EVerest is an EV charging software stack. Prior to version 2026.02.0, stack-based buffer overflow in CAN interface initialization: passing an interface name longer than IFNAMSIZ (16) to CAN open routines overflows `ifreq.ifr_name`, corrupting adjacent stack data and enabling potential code execution. A malicious or misconfigured interface name can trigger this before any privilege checks. Version 2026.02.0 contains a patch.
This vulnerability carries a HIGH severity rating with a CVSS v3.1 score of 8.4, requiring local system access to exploit with relatively low complexity without requiring user interaction and does not require pre-existing privileges . The vulnerability impacts confidentiality (data exposure), integrity (unauthorized modifications), and availability (service disruption) for affected systems. Impacting 1 product from linuxfoundation organizations running these solutions should prioritize assessment and patching.

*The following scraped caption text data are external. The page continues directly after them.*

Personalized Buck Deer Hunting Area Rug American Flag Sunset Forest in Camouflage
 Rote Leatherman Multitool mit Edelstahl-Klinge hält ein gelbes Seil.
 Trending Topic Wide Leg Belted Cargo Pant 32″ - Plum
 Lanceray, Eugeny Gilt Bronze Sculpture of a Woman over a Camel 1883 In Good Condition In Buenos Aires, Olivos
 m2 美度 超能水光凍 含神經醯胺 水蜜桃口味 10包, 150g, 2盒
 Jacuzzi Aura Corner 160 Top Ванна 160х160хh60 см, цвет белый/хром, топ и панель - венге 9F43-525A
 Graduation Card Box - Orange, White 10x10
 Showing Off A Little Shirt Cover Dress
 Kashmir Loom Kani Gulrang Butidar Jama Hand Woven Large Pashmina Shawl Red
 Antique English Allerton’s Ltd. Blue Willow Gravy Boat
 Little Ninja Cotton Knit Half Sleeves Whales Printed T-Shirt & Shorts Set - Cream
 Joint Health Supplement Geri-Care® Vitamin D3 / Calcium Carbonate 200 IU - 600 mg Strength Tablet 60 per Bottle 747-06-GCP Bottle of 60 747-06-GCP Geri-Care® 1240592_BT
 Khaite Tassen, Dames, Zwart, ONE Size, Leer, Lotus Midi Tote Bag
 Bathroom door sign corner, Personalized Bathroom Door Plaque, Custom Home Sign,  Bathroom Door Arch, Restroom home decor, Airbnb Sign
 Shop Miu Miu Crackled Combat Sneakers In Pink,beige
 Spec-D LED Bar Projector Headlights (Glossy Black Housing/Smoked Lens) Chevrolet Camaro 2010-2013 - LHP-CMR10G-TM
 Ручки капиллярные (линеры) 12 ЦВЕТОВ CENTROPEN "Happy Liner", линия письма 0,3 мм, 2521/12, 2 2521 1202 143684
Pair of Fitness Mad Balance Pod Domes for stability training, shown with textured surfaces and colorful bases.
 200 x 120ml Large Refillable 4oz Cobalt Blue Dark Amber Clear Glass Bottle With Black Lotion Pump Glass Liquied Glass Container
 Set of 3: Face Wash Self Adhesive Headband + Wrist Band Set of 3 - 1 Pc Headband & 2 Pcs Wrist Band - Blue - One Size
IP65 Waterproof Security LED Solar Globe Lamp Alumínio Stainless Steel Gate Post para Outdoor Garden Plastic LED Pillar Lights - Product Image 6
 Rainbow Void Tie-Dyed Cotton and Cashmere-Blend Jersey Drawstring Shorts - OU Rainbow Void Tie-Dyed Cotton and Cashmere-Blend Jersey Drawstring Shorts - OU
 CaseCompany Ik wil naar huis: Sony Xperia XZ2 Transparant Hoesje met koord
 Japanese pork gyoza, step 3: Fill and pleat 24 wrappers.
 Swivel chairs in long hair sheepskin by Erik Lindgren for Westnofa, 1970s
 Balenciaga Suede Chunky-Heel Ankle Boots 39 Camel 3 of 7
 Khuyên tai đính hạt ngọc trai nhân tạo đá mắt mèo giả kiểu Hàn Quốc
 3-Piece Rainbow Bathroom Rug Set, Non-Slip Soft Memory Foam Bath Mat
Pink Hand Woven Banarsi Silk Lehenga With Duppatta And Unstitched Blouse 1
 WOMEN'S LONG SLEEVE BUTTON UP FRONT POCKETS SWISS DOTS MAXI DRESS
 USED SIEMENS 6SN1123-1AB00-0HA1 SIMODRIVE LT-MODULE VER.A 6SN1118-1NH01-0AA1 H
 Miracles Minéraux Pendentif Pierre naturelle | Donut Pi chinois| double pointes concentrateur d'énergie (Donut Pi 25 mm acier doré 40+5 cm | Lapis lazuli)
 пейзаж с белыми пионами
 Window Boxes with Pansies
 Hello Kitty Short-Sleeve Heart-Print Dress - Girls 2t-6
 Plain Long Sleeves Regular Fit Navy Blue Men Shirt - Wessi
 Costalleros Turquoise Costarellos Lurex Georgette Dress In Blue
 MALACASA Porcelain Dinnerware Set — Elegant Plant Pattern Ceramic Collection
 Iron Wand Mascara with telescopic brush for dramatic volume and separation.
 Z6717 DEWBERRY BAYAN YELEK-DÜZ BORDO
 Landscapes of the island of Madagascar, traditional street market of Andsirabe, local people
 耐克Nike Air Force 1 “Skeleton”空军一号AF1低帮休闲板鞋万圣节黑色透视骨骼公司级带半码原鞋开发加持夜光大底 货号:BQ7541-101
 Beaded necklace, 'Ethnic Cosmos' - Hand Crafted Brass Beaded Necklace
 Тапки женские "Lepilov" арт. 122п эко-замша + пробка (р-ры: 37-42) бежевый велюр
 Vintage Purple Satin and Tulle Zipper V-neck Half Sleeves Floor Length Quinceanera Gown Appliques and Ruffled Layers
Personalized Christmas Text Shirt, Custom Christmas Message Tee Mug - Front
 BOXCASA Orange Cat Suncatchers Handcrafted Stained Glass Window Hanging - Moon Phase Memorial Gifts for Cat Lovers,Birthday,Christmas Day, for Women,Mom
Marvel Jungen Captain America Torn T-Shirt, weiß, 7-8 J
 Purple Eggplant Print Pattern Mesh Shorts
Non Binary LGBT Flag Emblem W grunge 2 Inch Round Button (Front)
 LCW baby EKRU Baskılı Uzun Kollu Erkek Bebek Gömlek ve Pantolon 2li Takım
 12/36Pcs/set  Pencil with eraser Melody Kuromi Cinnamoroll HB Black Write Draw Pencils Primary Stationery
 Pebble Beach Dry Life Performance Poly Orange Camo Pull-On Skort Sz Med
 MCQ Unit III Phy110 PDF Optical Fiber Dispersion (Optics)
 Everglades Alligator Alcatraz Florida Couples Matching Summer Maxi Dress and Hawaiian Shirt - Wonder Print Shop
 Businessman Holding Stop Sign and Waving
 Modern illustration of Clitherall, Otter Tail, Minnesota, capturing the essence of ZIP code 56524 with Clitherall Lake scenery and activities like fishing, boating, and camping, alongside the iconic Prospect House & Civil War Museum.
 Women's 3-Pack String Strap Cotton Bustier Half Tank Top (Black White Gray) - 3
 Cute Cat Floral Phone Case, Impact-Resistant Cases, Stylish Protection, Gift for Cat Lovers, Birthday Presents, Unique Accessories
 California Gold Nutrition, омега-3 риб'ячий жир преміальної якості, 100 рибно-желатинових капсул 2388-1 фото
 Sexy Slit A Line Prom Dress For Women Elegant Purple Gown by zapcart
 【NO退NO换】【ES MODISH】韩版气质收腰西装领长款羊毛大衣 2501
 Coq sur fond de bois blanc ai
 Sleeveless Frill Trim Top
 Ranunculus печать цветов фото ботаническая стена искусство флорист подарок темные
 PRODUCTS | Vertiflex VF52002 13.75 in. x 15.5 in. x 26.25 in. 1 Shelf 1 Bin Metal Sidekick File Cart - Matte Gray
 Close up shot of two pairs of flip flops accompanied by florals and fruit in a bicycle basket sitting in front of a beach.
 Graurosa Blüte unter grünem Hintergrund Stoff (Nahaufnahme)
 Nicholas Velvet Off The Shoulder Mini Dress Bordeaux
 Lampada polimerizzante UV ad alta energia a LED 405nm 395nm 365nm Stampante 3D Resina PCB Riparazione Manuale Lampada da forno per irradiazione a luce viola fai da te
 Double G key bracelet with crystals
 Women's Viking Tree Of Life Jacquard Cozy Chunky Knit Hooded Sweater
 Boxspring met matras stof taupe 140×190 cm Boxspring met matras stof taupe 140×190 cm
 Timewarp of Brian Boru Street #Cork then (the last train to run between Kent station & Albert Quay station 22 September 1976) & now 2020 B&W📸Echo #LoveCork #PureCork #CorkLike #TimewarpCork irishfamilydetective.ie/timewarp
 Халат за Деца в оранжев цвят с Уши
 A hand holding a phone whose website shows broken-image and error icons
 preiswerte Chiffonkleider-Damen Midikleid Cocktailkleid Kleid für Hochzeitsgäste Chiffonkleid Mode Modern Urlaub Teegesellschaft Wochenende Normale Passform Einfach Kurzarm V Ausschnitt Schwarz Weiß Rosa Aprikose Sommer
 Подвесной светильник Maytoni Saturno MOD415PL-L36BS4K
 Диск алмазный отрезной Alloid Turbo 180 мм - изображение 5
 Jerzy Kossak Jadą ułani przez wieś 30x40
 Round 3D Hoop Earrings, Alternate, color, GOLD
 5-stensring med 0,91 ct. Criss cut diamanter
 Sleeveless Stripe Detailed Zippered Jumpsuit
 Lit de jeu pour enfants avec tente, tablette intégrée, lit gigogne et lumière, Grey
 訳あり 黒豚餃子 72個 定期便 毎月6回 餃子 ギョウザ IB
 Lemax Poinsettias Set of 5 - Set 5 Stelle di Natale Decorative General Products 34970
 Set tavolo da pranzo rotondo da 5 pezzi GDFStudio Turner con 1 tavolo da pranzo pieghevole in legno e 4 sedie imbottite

Reported in 2026, this vulnerability emerged during an era marked by increased sophistication in supply chain attacks, cloud infrastructure vulnerabilities, and software-as-a-service (SaaS) security challenges. Security practices during this period emphasized zero-trust architectures, container security, and API protection.
2026-03-26T15:16:32.137
2026-03-31T13:49:39.677
Analyzed
CVSSv3.1: 8.4 (HIGH)
| Type | Vendor | Product | Version/Range | Vulnerable? |
|---|---|---|---|---|
| Operating System | linuxfoundation | everest | < 2026.02.0 | Yes |
SecUtils normalizes and enriches National Vulnerability Database (NVD) records by standardizing vendor and product identifiers, aggregating vulnerability metadata from both NVD and MITRE sources, and providing structured context for security teams. For linuxfoundation's affected products, we extract Common Platform Enumeration (CPE) data, Common Weakness Enumeration (CWE) classifications, CVSS severity metrics, and reference data to enable rapid vulnerability prioritization and asset correlation. This record contains no exploit code, proof-of-concept instructions, or attack methodologies—only defensive intelligence necessary for patch management, risk assessment, and security operations.